Review of tabulation practices

An underlying cause of death was assigned for each death based on ICD-10 [10]. When the unit record listed more than one cause, the underlying cause of death was assigned assuming no movement of contributory causes into Part I of the certificate. Assigned underlying causes were then reviewed to assess whether the selection of underlying cause would differ if it was assumed that contributory causes had been recorded in empty lines for Part I of the certificate when entered in the database. Coded data for both the immediate and underlying cause of death from the medical certificate of death were aggregated to one of the 103 causes listed in the General Mortality Tabulation List 1 of ICD-10 (hereafter referred ICD list 1) [10]. These were crosstabulated to compare the effect of current MoH tabulation practices (based on immediate cause) on the cause of death profile (Table 1).

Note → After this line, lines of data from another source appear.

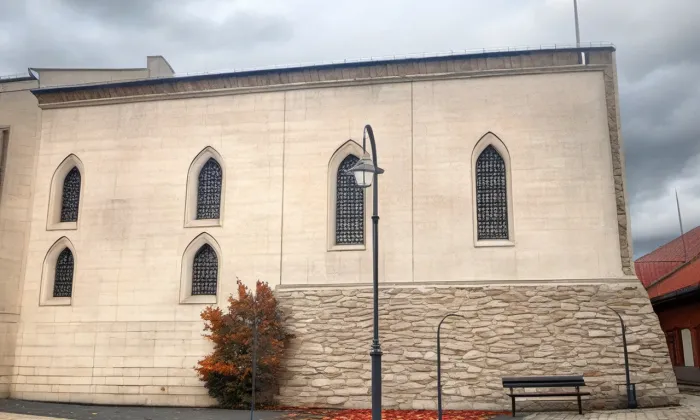 Synagoga v Polné – podzim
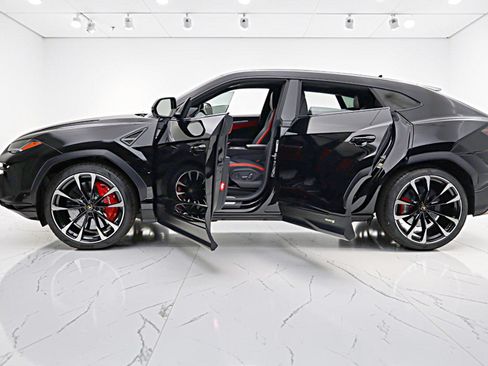 Used 2024 Lamborghini Urus S AWD/4WD image 4
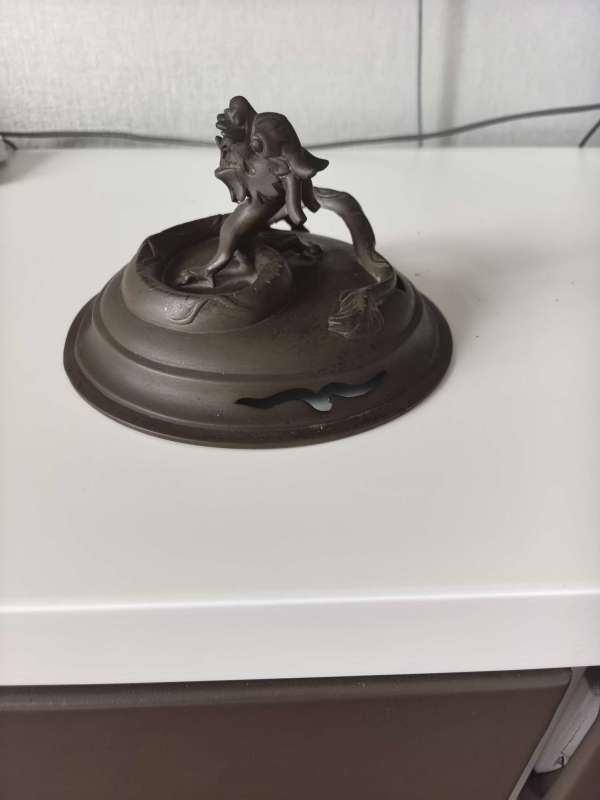 古玩銅器清代獅耳龍紐三足爐真品鑒賞圖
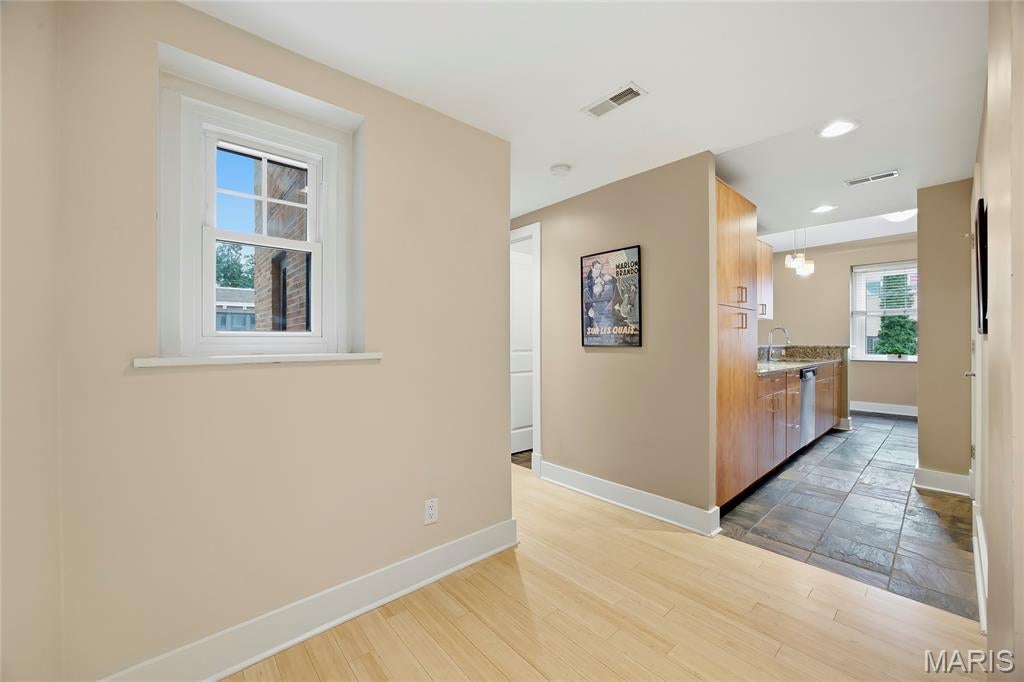 The Loop Condo - Residential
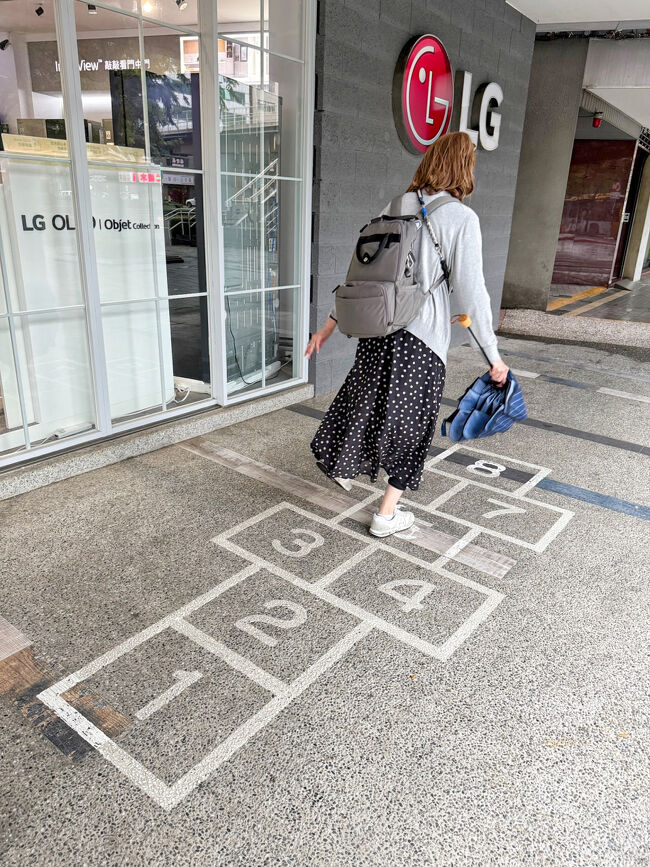 次の目的地に向かいます<br />歩道にこれあるとやっちゃうよねー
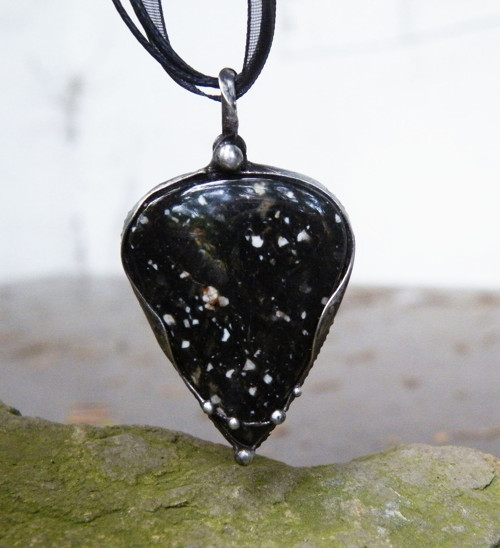 Temný štít ...(jaspis) 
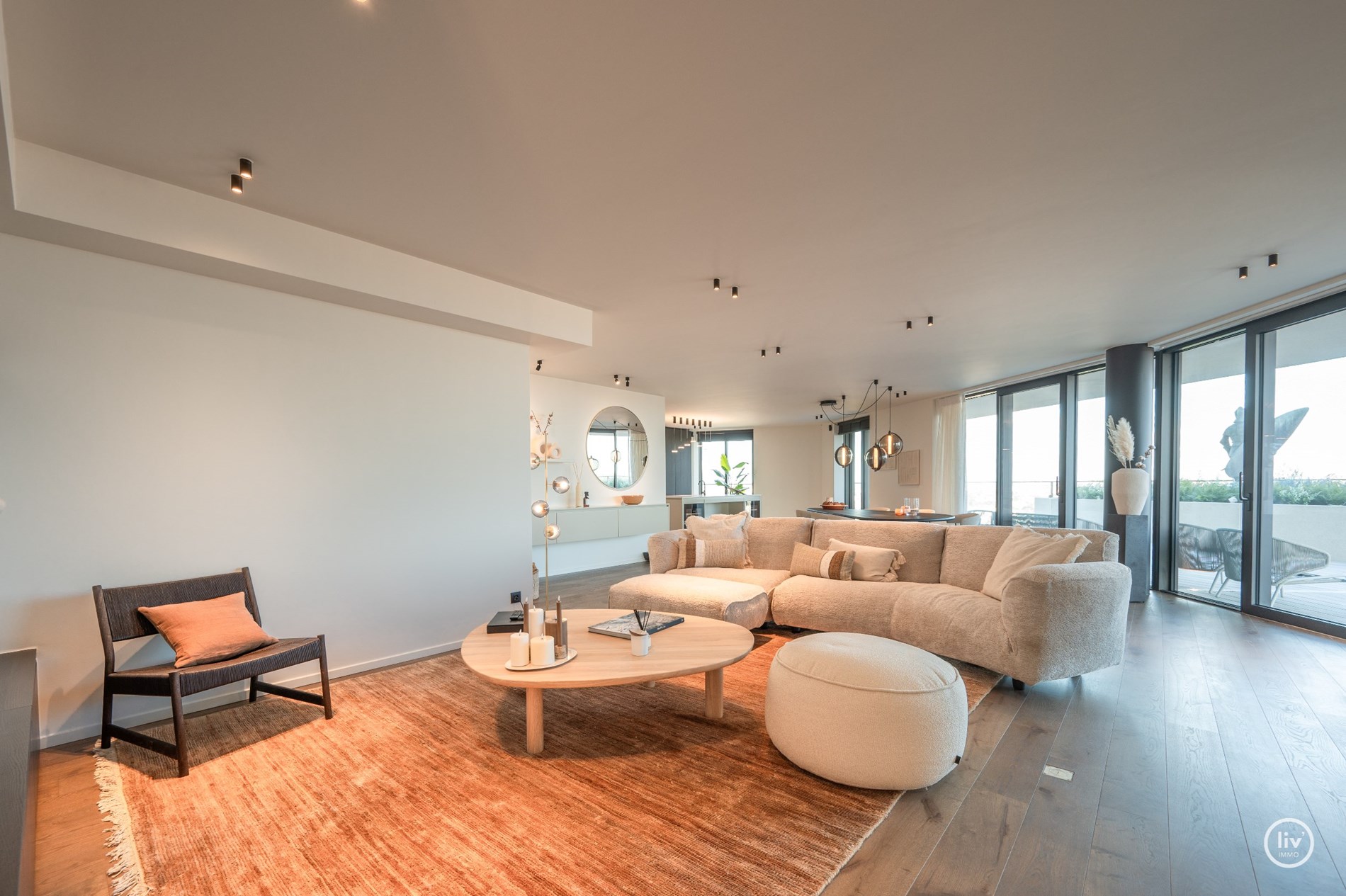 Luxueus , dubbel appartement (208 m2) met magnifieke zichten gelegen in residentie &#39;the tower&#39; in Duinenwater. 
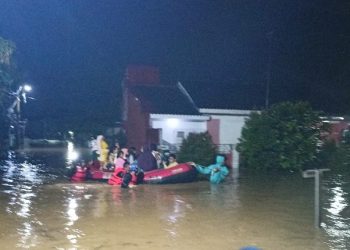 Banjir Setinggi Orang Dewasa Terjang Kawasan Perbatasan Kota Cirebon
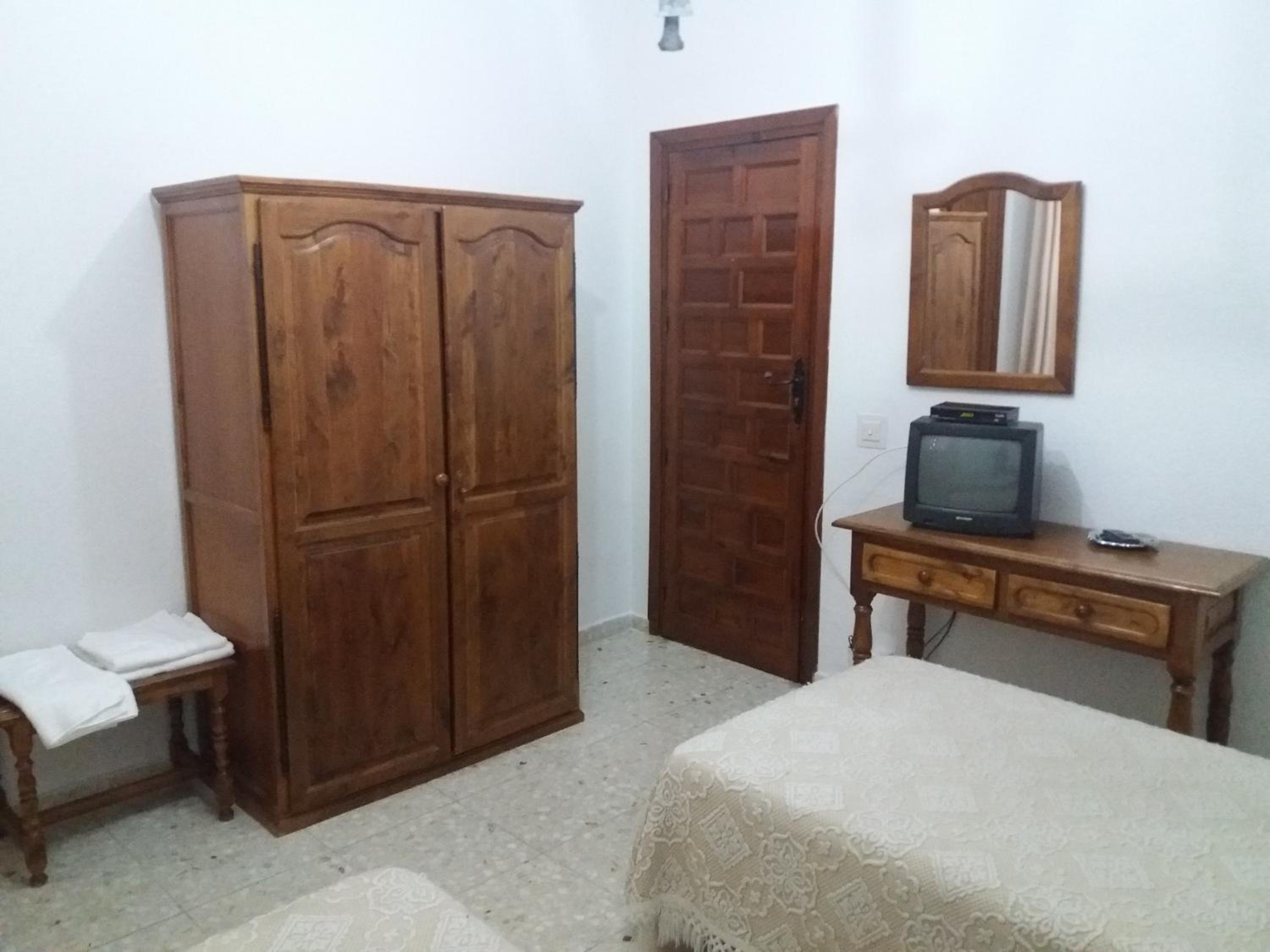 Double Room with Private Bathroom - Photo 1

Table 1 Comparison of original cause of death tabulation based on immediate cause from the medical certificate against underlying cause of death from the medical certificate†: ICD 103 cause list (selected causes), Tonga, 2008

Medical record review

Medical records were sought from the national hospital for all deaths that occurred in 2008 in Tongatapu where proximity to the major hospital suggests that deceased individuals were more likely to have received care at the hospital and therefore have a medical record. Data from the medical record for each death were extracted using a standardized form adapted from similar work in the Philippines [11, 12], de-identified, and assigned a study number. Data extraction was completed by qualified nurses who underwent initial training in data extraction procedures based on the written study protocol. Extraction forms were regularly reviewed throughout the project [by KC].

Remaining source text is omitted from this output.